It was mid-afternoon when we travelled from Cluj-Napoca, the metropolitan epicentre of Tranyslvania, to Târgu Mureș, a smaller city of regional importance. Anna, a lifelong local of the region and friend of mine from my university days back in Detroit suggested that we go searching for castles and their remnants in the hills and valleys around Transylvania. We crammed into her boyfriend’s Dacia sedan and drove through green rolling hills dotted with sheep and tractors that unfolded into the horizon. The dusty roads and sunburnt irrigation canals reminded me of my own childhood, thousands of kilometres away on another continent. Every town and village seemed to have a castle, manor house or even just a structure that was once owned by a king, count or duke. Every mountain has a valley in between, and every valley has a village with its own legends and curious residents. But as perhaps one of the most multicultural and religiously pluralistic regions in Europe, it has suffered more than its fair share of conflict and anguish. The people hold onto these legends, conflicts, and trials, and henceforth carry forth the burdens and tribulations that have defined this region for centuries. It’s easy to hide legends in the hills, but when you’re finally able to climb up, the myths and the ever-evolving troubles of the region are unveiled.
We left Târgu Mureș early in the morning for Sighișoara, an old town built by Saxons that the Hungarian king had invited to defend the eastern flank of the kingdom in the 11th century. Street signs, hedge stones and plaques were written in old German orthography from well over a century ago. Almost every building was watching you, as the windows on the roofline were shaped like eyes, typical of German architecture in the region. Although the town is quite beautiful, with its almost god-like view over the valley below from the massive stone peak that it’s built onto, we heard rumours of a castle, tucked deep into the hills near Sighișoara. We set down the dusty road in search of Bethlen Castle, located in the tiny village of Criș. Stray dogs and cats roamed among the ramparts, clodded with coarse mixed concrete and freshly cut wooden beams at Bethlen Castle. Smoke from wood stoves crawled above the village, floating toward the castle. These castles and manors have always had a commanding view of the landscape around it.

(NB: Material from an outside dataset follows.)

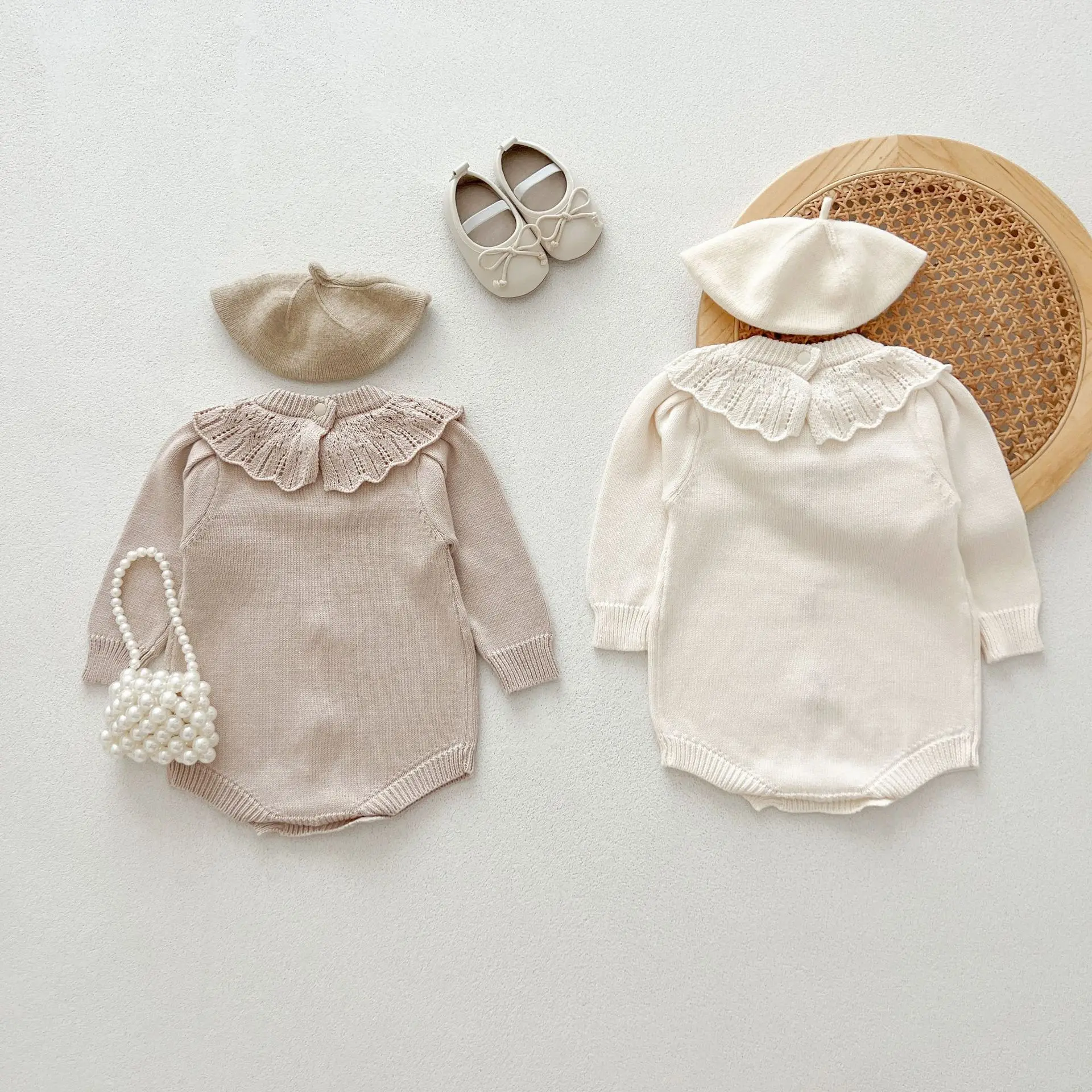 Ins Korean Autumn Baby Girls Rompers Cotton Knitted Embroidery Flower Infant Girls Bodysuit Ruffle Collar Toddler Girls Outfits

Many of the castles of Transylvania’s old royal families had been seized and abandoned by the communist government in the late 1940’s. Left to rot on purpose, many of these stately houses have either been forgotten, or have undergone the slow and consuming process of restoration. At Bethlen, an organisation working with the Catholic Church had obtained a 99 year lease to restore the castle. Yet corruption and disorganisation is still apparent when one steps into the castle yard. After years of construction the castle was still missing floors, roofs, staircases, and other structural components that would make it a castle. The continual and lifelong effort of preservation and restoration is jarringly relevant in Transylvania. Having a long, multicultural heritage in a region that has prospered and suffered in tremendous ways in the past centuries, the amount of actors looking to preserve their history is wide and far reaching.
From royal castles in tiny valleys, to socialist era city squares, to the forgotten village synagogue, the historical fabric of Transylvania is always at play. The challenge is maintaining the presence of these places, even if their former residents are long gone and long forgotten.